The key to overhauling the image of government may lie within agencies themselves.
It's not surprising that young workers in the United States would pick Google, Apple and Facebook among places they would most like to work. What may be surprising is that they also rate three federal agencies highly: the State Department, the FBI and the CIA.
But that's what a recent survey showed. Research firm Universum asked 6,700 professionals under age 40 with one to eight years' work experience for their views on the best places to work. The State Department came in fourth (just above Walt Disney), while the FBI took the seventh slot, and the CIA ranked 10th. Other firms in the top 10 included Amazon, Microsoft and Sony.
The federal agencies that made the list tend to have a reputation for world-changing work. And they, along with other government organizations, could be viewed as safe havens in an uncertain economy: "Stability is still very much a concern and people equate government jobs with stability," Universum's Chris Cordery told The Wall Street Journal.
Still, with the country's political class working overtime to tear down government's reputation, these and other survey results are an encouraging sign that some agencies still have strong brands in the public eye. For example, when Universum asked college students their views on where they'd like to work, some federal agencies fared very well.
In the engineering field, for example, NASA came in No. 1, ahead of Google, Boeing and Lockheed Martin. The Energy Department ranked eighth and the Environmental Protection Agency was 14th. In the natural sciences, federal agencies dominated the top 10 rankings, with the National Institutes of Health, Centers for Disease Control and Prevention, Peace Corps, EPA, NASA and the FBI all listed in the upper ranks. Even in the information technology field, where private sector companies have long captured the imagination of many young people, five agencies grabbed slots among the top 20 potential employers: NASA, the FBI, National Security Agency, the CIA and the Defense Department.
That's a ray of hope in an era when, as Charlie Clark points out in this month's cover story, the overall brand of government has been severely tarnished in the public eye. The percentage of people who say they have confidence in the federal government has dropped below 30 percent after rebounding briefly following the 9/11 attacks. According to the Pew Research Center, only 11 percent of Americans say they're "basically content" with their government.
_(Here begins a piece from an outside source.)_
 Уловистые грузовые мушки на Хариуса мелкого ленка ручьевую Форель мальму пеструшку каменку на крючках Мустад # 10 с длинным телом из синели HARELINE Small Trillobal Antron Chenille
When you compare these results to the surveys of agencies as potential employers, it seems clear-and not at all shocking-that the dissatisfaction stems largely from the political process. To the extent federal agencies have a perception problem, it's due mostly to guilt by association. When Americans look at Congress and the White House, they see dysfunction playing out on a grand scale. The problem is, the dysfunction also extends to a "blame the bureaucracy" mentality among the political class that has been in place for decades.
To counter that image, federal labor unions, good government groups and other organizations are working overtime on brand-building exercises, from awards programs to placards on buses. We'll see how much impact they have. But what government really needs over the long haul is a fresh group of committed, dedicated employees who can tell their friends and families about the exciting, challenging work they get to do at mission-driven federal agencies. And all that requires, in turn, is agencies that provide such opportunities.
That may not be easy, but at least it's an area in which agency leaders can exercise some degree of control.